The muhurat shot was taken on 12 June and filming began on 25 June 2015. Prior to this, in line with promoting the film, a first-look teaser was released by the makers on YouTube in the form typography on 11 June. Calling it a 'look test', the director said it was a first in Kannada cinema.

== Soundtrack==

The soundtrack for the film was composed by V. Harikrishna.

Track list (Bharjari)
| No. | Title | Lyrics | Singer(s) | Length |
|---|---|---|---|---|
| 1. | "Puttgowri" | Chethan Kumar | Vijay Prakash, Anuradha Bhat | 4:09 |
| 2. | "Bharjari Soundu" | Chethan Kumar | Shashank Sheshagiri | 3:59 |
| 3. | "Ajji Helida" | Chethan Kumar | Anuradha Bhat | 4:05 |
| 4. | "Ranga Baaro" | A. P. Arjun | V. Harikrishna, Indu Nagaraj | 4:05 |

Track list (Soorya the Soldier)
| No. | Title | Lyrics | Singer(s) | Length |
|---|---|---|---|---|
| 1. | "Gouri" | Santhosh Kodanad | Jayadeva, Anamika | 4:02 |
| 2. | "Ivanoru Porali" | Khader Hassan | Samson Silva | 4:01 |
| 3. | "Muthashi Kadhayile" | Khader Hassan | R.J. Sumi | 4:07 |
| 4. | "Airavatham Busil" | Khader Hassan | Samson Silva, Adv Gayathri | 3:13 |

== Release ==

- Bharjari was released on 15 September 2017.
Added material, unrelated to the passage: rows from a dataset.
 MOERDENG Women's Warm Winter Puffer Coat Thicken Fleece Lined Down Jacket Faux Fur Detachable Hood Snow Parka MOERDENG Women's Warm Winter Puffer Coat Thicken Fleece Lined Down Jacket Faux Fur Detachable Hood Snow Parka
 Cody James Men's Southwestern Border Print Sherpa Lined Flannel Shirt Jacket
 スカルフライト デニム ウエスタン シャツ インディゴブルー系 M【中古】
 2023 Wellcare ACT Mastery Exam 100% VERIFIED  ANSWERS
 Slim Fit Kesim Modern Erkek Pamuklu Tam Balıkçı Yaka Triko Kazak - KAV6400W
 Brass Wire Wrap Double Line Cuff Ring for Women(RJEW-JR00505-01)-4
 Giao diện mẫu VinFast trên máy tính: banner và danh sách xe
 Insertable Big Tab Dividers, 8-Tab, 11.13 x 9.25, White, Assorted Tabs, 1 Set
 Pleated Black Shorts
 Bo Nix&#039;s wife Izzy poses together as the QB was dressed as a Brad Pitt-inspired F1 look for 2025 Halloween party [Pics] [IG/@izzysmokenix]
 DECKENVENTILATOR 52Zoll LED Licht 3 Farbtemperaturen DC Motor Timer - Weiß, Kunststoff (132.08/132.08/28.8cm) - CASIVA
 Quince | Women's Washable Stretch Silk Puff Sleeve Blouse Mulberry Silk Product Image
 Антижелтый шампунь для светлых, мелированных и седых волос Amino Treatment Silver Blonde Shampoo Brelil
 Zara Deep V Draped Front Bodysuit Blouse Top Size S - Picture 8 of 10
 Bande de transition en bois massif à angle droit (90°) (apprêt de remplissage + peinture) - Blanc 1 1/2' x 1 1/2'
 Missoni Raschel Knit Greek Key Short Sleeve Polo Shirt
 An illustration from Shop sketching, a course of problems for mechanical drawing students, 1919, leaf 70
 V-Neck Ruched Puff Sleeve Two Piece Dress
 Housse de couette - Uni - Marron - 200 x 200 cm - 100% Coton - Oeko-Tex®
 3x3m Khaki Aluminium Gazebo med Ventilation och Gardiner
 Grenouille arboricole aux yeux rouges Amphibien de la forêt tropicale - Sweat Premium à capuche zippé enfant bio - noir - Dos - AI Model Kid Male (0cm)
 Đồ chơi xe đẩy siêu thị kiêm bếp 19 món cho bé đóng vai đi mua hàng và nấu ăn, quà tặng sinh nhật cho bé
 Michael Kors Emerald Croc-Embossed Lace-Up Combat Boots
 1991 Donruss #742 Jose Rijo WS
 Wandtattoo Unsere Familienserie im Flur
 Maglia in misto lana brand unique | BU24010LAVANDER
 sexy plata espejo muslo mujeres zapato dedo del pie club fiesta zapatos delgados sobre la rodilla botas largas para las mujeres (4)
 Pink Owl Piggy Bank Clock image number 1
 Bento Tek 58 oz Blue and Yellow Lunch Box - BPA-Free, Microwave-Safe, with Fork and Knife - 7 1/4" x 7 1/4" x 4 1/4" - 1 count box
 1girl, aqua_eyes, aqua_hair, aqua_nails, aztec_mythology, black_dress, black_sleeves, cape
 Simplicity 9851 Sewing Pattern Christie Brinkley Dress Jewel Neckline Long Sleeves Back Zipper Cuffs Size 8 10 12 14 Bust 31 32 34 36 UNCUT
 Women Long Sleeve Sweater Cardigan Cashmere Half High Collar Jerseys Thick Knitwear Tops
- The satellite and digital rights were sold to Star Suvarna and Disney+ Hotstar.

== Reception ==
Sunayana Suresh of The Times of India gave 3.5/5 stars and wrote "This is a mass entertainer which nearly works with a slight lag in the second half, but it does have enough to ensure at least one visit to the cinema halls." Shyam Prasad S of Bangalore Mirror gave 2.5/5 stars and wrote "Despite the slick narrative, amazing screen presence of Dhruva Sarja and grandly mounted sets, Bharjari is but a motley hotchpotch of situations from standard commercial films." Shashiprasad SM of Deccan Chronicle wrote "The director has carefully penned every word to give it a 'blockbuster' feel." A Sharadhaa of The New Indian Express wrote "Chethan Kumar and Dhruva Sarja seem to have cracked the commercial-movie formulae. The whistles and the crowds at the theatre give a thumbs-up to their effort."